__PROBLEM REQUIREMENTS__
Begin at the line containing "N°21 - Single-Breasted" in the records below, end at the line containing "AI robot business", and retype each line in that span exactly. No other line and no image should appear.

__RECORDED INFORMATION__
▬▬▬▬▬▬
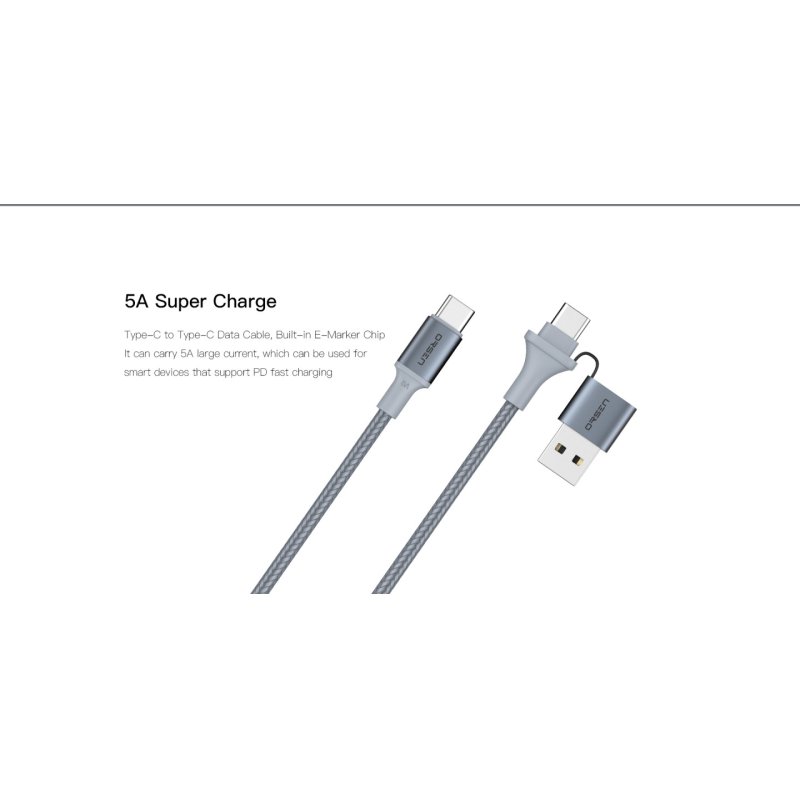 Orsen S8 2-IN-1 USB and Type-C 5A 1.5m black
▬▬▬▬▬▬
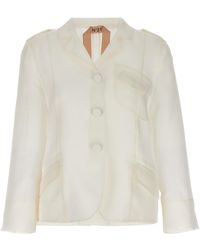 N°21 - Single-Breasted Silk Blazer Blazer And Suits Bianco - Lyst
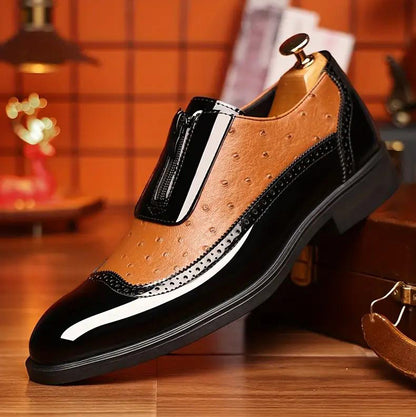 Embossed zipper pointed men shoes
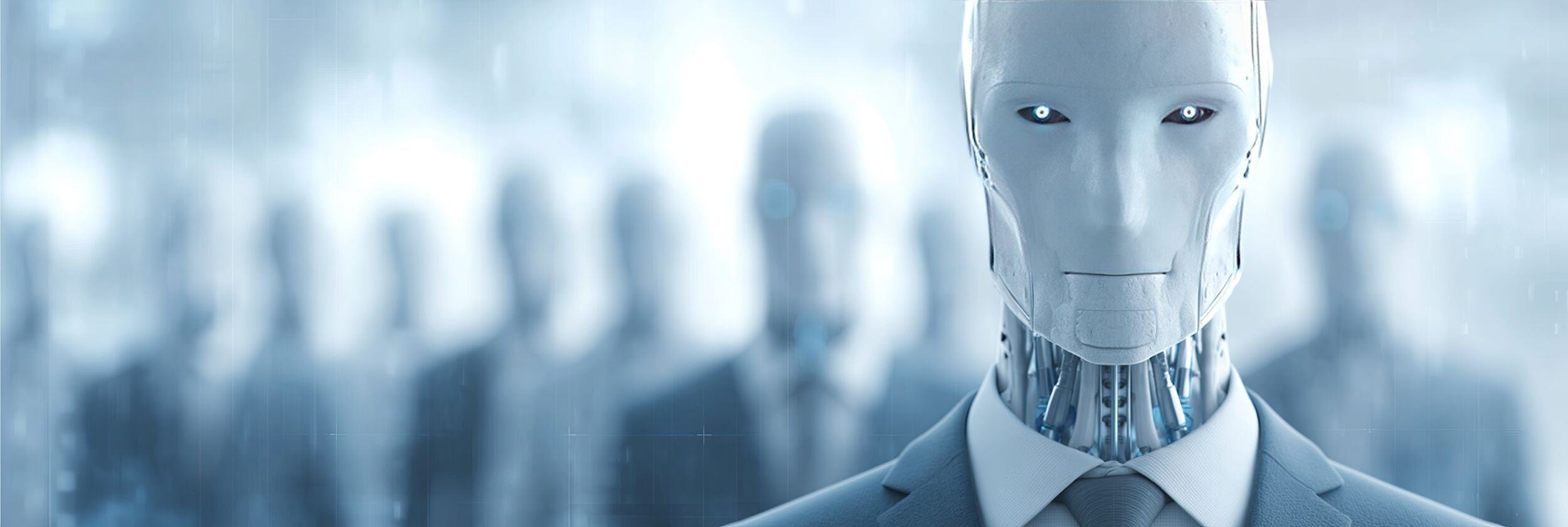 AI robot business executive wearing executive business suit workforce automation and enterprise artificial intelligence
▬▬▬▬▬▬
__THE ANSWER__
 N°21 - Single-Breasted Silk Blazer Blazer And Suits Bianco - Lyst
 Embossed zipper pointed men shoes
 AI robot business executive wearing executive business suit workforce automation and enterprise artificial intelligence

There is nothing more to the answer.